"""

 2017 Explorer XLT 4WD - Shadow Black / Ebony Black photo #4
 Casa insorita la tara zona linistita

"""
"""

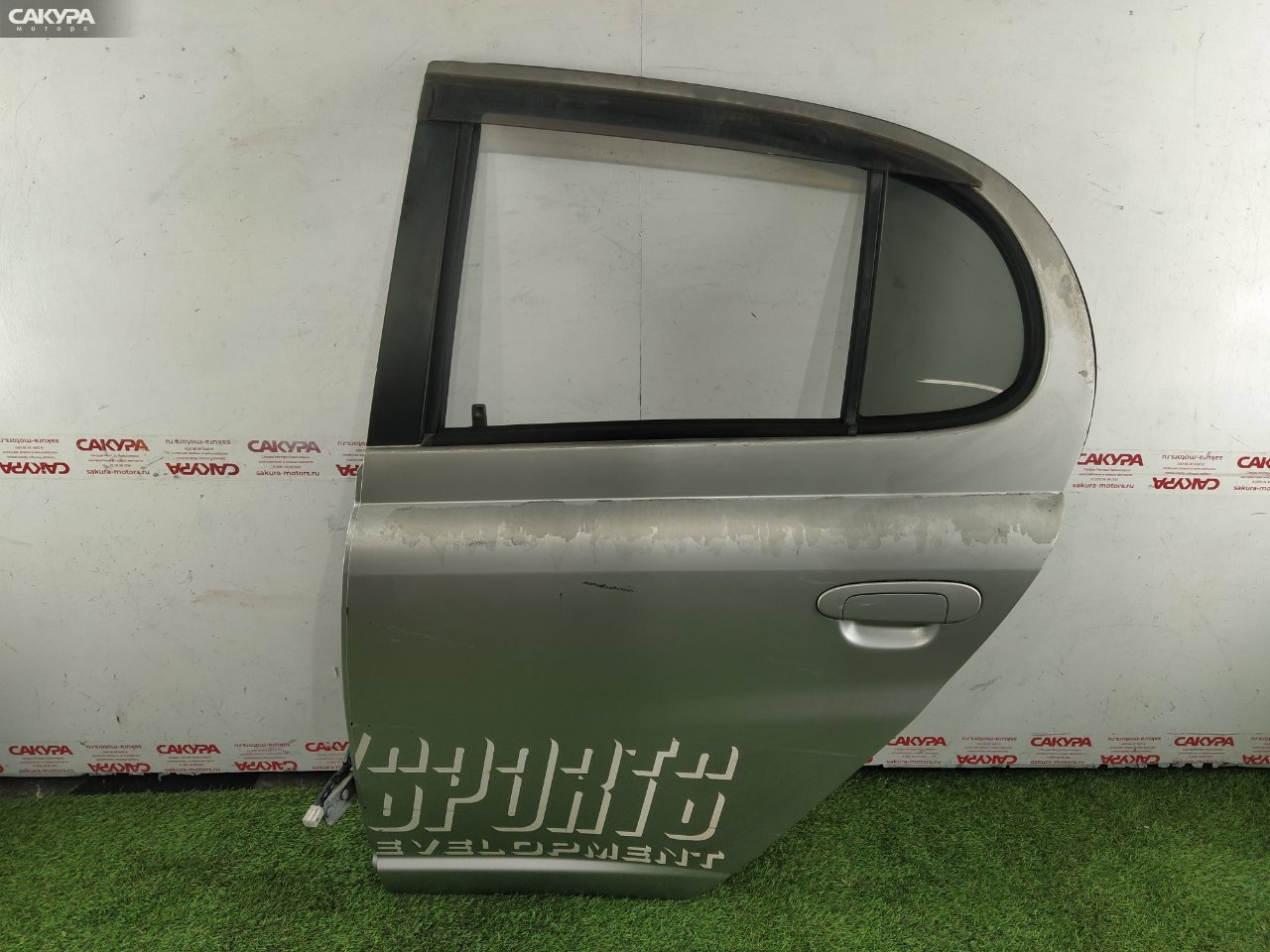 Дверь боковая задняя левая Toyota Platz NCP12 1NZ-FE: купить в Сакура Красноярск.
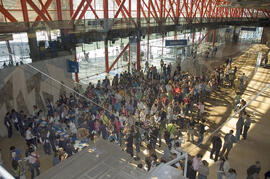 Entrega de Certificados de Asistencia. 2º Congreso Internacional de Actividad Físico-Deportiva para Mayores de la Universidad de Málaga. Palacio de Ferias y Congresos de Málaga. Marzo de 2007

"""
"""

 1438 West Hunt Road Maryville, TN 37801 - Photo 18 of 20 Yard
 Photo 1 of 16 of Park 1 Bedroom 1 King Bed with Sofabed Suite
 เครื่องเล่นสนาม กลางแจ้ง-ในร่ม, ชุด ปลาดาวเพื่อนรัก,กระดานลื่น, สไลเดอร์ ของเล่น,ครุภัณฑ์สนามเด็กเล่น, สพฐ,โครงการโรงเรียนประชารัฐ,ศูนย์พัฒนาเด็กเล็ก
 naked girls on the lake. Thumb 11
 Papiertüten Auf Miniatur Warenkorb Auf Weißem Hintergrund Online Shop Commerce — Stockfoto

"""

Give back exactly the lines above that run from the one with "Дверь боковая задняя" to the one with "Entrega de Certificados", including both, with the pictures left out.

 Дверь боковая задняя левая Toyota Platz NCP12 1NZ-FE: купить в Сакура Красноярск.
 Entrega de Certificados de Asistencia. 2º Congreso Internacional de Actividad Físico-Deportiva para Mayores de la Universidad de Málaga. Palacio de Ferias y Congresos de Málaga. Marzo de 2007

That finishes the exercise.